§ YOUR OBJECTIVE: Scan the records beneath this line for the line holding "60er Jahre Winnwell" and the line holding "Модерно дънково яке", then transcribe exactly those two and all lines between.

§ MATERIAL FOR THIS EXERCISE:
※
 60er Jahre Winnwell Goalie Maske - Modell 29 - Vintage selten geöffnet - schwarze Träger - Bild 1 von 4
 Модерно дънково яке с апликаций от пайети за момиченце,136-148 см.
※
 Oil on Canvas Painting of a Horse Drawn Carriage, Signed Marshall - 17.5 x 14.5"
※
§ RESPONSE AREA:
 60er Jahre Winnwell Goalie Maske - Modell 29 - Vintage selten geöffnet - schwarze Träger - Bild 1 von 4
 Модерно дънково яке с апликаций от пайети за момиченце,136-148 см.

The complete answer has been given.